Adjusted for matching factors including age (year), sex (female, male), duration of insurance enrollment (year), region (Northeast, North Central, South, West, unknown), and prescription drug coverage (yes/no).

Additionally adjusted for employment status (full time/others), residence (urban, rural, unknown), health plan (PPO, HMO, others), Charlson comorbidity index without diabetes and cancer (continuous), and any of the following conditions between 91 days and 2 years before the index dates: IBD (yes/no), obesity (yes/no), family history of gastrointestinal cancer (yes/no), screening colonoscopy (yes/no), other colonoscopy (yes/no), and fecal occult blood test (yes/no).

Early signs/symptoms included any of the following conditions between 91 days and 2 years before the index dates: gastrointestinal bleeding, abdominal pain, anemia, change of bowel habits, diarrhea, constipation, and weight loss.

A total of 18 patients with type 2 diabetes (out of 302) among cases and 137 among controls (out of 1946) could not be classified as controlled, uncontrolled, or complicated.

We further evaluated the association between type 2 diabetes and early-onset CRC as per anatomical location of the CRC (Table 3).
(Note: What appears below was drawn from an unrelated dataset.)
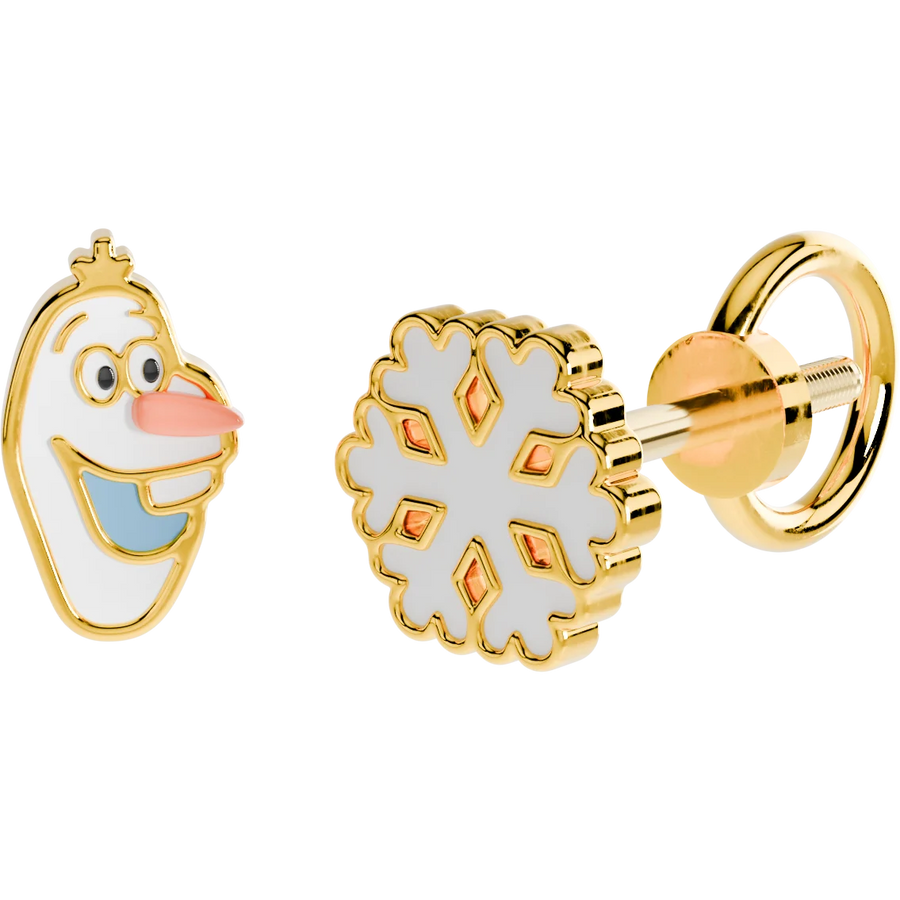Anting Anak Loop Screw Winterlight (8K)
The positive association was largely driven by proximal colon (OR = 1.35, 95% CI: 1.03–1.77) and distal colon cancer (OR = 1.67, 95% CI: 1.30–2.15) while not apparent for rectal cancer (OR = 1.13, 95% CI: 0.92–1.40).

Table 3.

Type 2 Diabetes and Risk of Early-onset Colorectal Cancer as Per Anatomical Site

Anatomical site	Participants with type 2 diabetes, no. (%)		Multivariable adjusted OR (95% CI)^a	Multivariable adjusted OR (95% CI)^b
Anatomical site	Cases	Controls	Multivariable adjusted OR (95% CI)^a	Multivariable adjusted OR (95% CI)^b
Colon cancer^c	204 (5.3)	1946 (3.7)	1.43 (1.23–1.66)	1.32 (1.13–1.54)
Proximal colon	60 (5.2)	1946 (3.7)	1.48 (1.14–1.93)	1.35 (1.03–1.77)
Distal colon	72 (6.5)	1946 (3.7)	1.72 (1.35–2.19)	1.67 (1.30–2.15)
Unspecified colon	72 (4.6)	1946 (3.7)	1.19 (0.94–1.52)	1.06 (0.83–1.36)
Rectal cancer^c	94 (4.6)	1946 (3.7)	1.22 (0.99–1.50)	1.13 (0.92–1.40)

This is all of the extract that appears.